The following data is extracted from Arkansas Slave Narratives.
"My mother's old owner named Master Sanders. She born somewhere in Tennessee. I heard her say she lived in Mississippi. I was born in Tennessee. My pa was born in Mississippi. I know he belong to the Duncans. His name George Washington Duncan. There ain't nary drap white blood in none us. I got four brothers. I do remembers grandma. She set and tell us tales bout old times like you want to know. Been so long I forgotten. Ma was a house girl and pa a field hand. Way grandma talked it must of been hard to find out what white folks wanted em to do, cause she couldn't tell what you say some times. She never did talk plain.

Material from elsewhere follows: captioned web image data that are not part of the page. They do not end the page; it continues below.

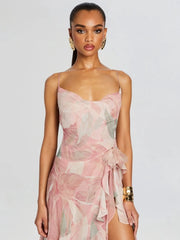 Spaghetti Strap Floral Print Ruffle High-Slit Asymmetrical Hem Maxi Dress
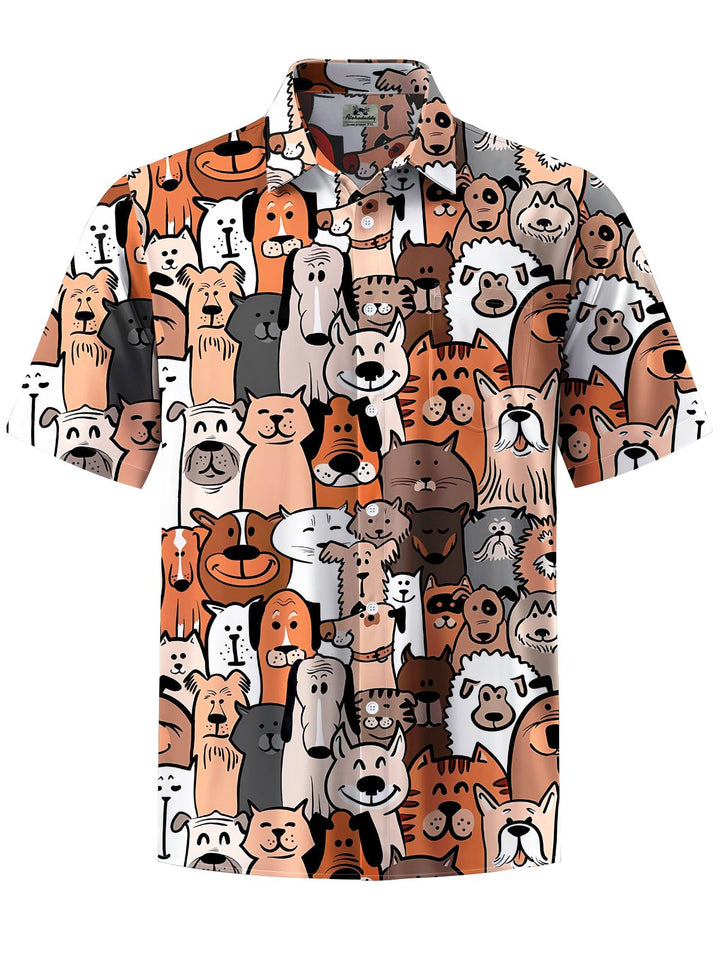 Alohadaddy® Casual Funny Dog Print Chest Pocket Men&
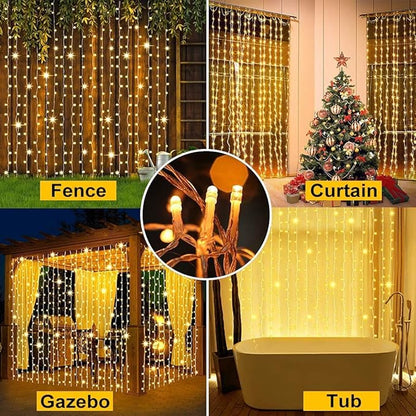 2 Pack Solar Curtain Lights Outdoor Garden Fairy String Lights 300 LED 8 Modes Remote Control Waterproof Solar Waterfall Lights for Gazebo Patio Party Festival Wedding Christmas Decorations(Warm)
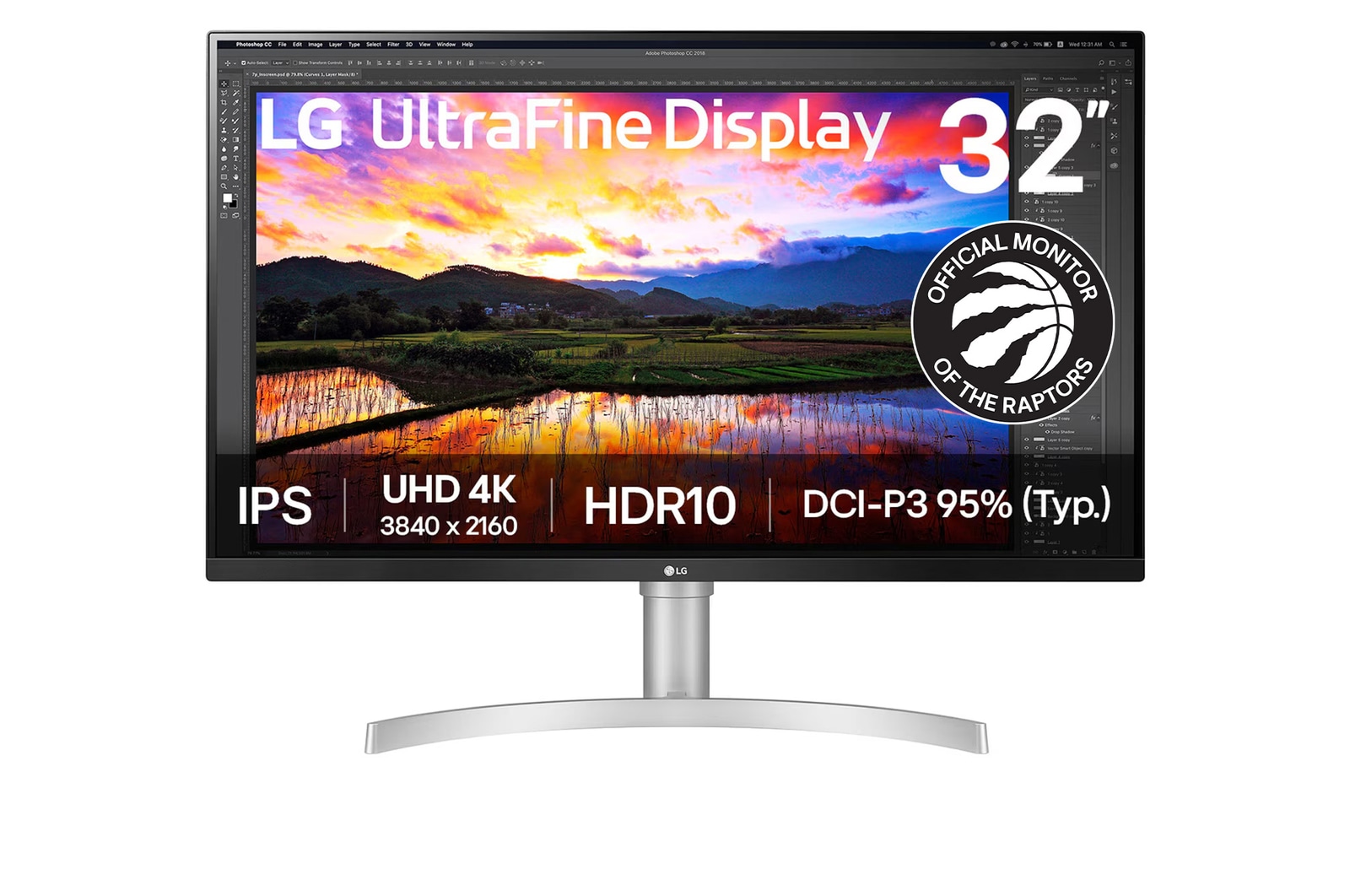 Front view of 31.5" UHD 4K (3840x2160) HDR IPS Monitor 32UN650K-W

"They was glad when freedom declared. They said they was hard on em. Whoop em. Pa was killed in Crittenden County in Arkansas. He was clearin' new ground. A storm come up and a limb hit him. It killed him. Grandma and ma allus say like if you build a house you want to put all the winders in you ever goin' to want. It bad luck to cut in and put in nother one. Sign of a death. I ain't got no business tellin' you bout that. White folks don't believe in signs.

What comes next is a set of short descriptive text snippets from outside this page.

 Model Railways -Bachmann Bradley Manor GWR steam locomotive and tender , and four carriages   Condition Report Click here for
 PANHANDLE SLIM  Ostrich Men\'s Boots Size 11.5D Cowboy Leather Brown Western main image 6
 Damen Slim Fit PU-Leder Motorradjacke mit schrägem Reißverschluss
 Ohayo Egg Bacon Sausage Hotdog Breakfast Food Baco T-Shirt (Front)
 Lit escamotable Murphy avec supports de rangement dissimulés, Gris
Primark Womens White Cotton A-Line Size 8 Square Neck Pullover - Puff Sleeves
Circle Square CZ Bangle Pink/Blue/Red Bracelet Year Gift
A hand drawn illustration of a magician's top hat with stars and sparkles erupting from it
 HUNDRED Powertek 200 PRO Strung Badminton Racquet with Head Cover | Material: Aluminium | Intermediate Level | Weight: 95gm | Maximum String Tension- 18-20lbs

"I been raisin' up childernó'dopted childern, washin', ironin', scourin', hoein', gatherin' corn, pickin' cotton, patchin', cookin'. They ain't nothin' what I ain't done.
"No'm, I sure ain't voted. I don't believe in women votin'. They don't know who to vote for. The men don't know neither. If folks visited they would care more bout the other an wouldn't be so much devilment goin' on."